The trip west will be something new to Taylor, who graduated from Cabot in 2013 and is the daughter of Lance and Tanya Taylor.
“I have never been to Montana,” she said. “My freshman year we went to Kentucky for the national tournament, and the last two years have been in Missouri. So this will be a new experience for me.”
This is Lyon’s sixth consecutive national tournament appearance and the annual post-season gathering has been held at different sites, after being hosted by Jackson, Tenn., for decades.
“Luckily, we are flying to Montana, so I do not have to worry about an awful, long, bus ride,” she said. “We have never flown before so we are all excited for the experience, and I am blessed our athletic department has allowed us to do so.”
Her parents aren’t so lucky.
“We’re going to drive,” Lance Taylor said. “I mean you have to drive. You don’t know how long they’re going to be there, so how do you book a flight home?”
For her parents, that’s 1,392 miles, one-way, from Cabot to Billings.
“It is 20 hours,” he said. “And we still don’t know how we are going to go. You can drive up to Kansas City, or you can go to Denver and go up. It will take us a couple of days either way.”
Lyon enters the tournament as the No. 3 seed after losing to Freed-Hardeman University in Henderson, Tenn., in the conference finals last week.
The Scots were placed in what the tournament is calling the Duer Bracket and are joined by Lewis-Clark State University (Idaho), William Penn University (Iowa), Wayland Baptist University (Texas), Bethel University (Tenn.), Westmont College (Calif.) and Louisiana State University-Shreveport.
The daughter of a coach, her dad Lance was at Greenwood before becoming the executive director of the Arkansas Activities Association, and her mom, Tanya, was a star at Lyon College when it was then known as Arkansas College.
Tanya Britt Taylor was inducted into the school’s Hall of Fame in 2001 and was a teammate of current Lyon College coach Tracy Stewart-Lange.

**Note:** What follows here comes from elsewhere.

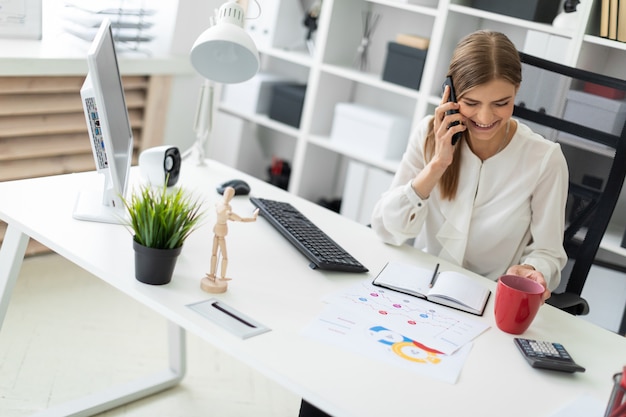 Ein junges Mädchen sitzt an einem Tisch im Büro, hält eine rote Tasse in der Hand und telefoniert.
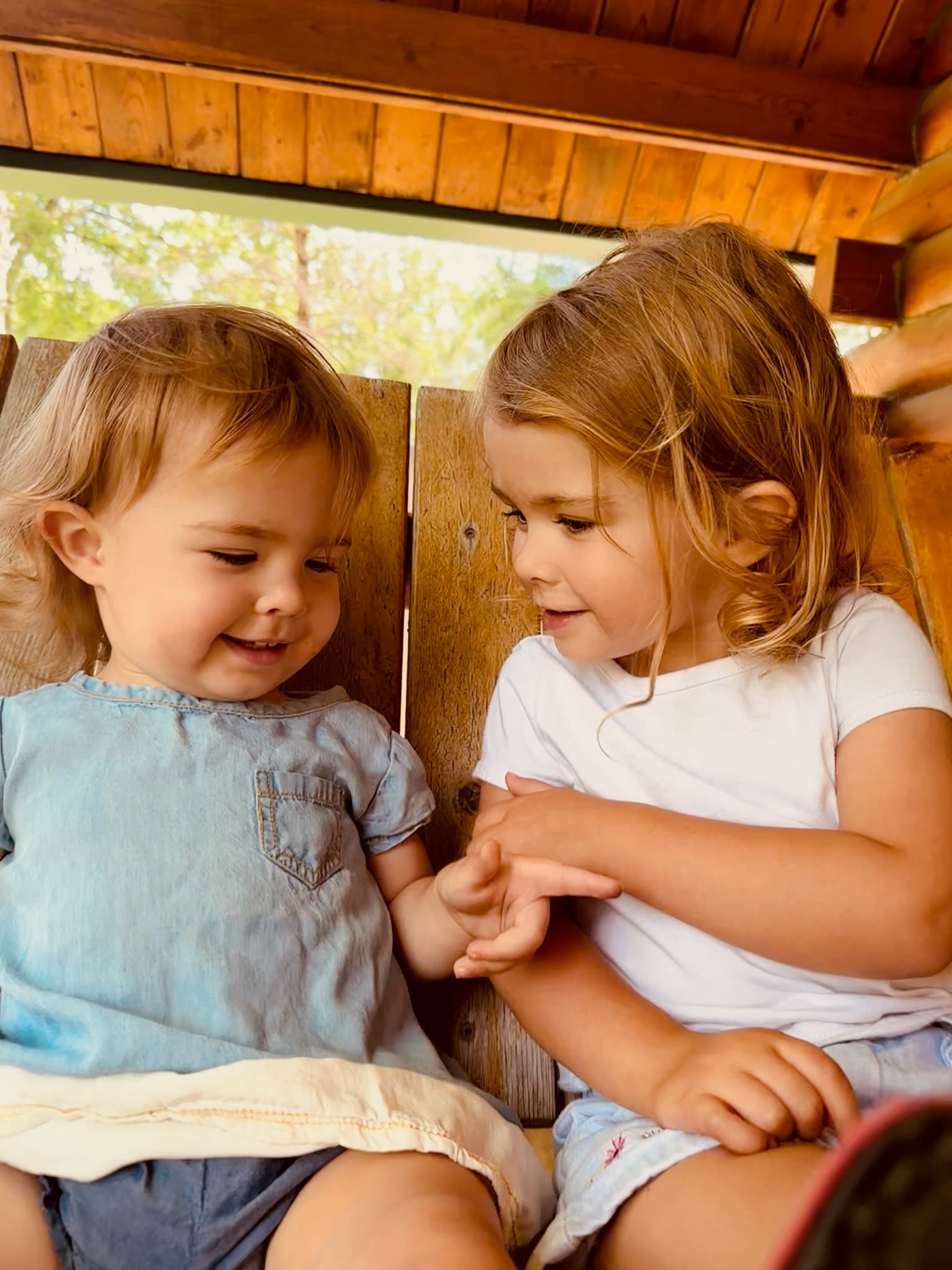 Sisters sharing a moment on the cabin porch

“Basketball has always been a part of my life,” Taylor said. “We were always watching it, playing it, or coming to and from a gym. I think that helped me get to play basketball at a college level. I was never the fastest, strongest, and I definitely could not jump the highest but I knew the game backwards and forwards. Being a smart player allowed me to overcome, or at least even out the playing field, too many athletic disadvantages I have faced.”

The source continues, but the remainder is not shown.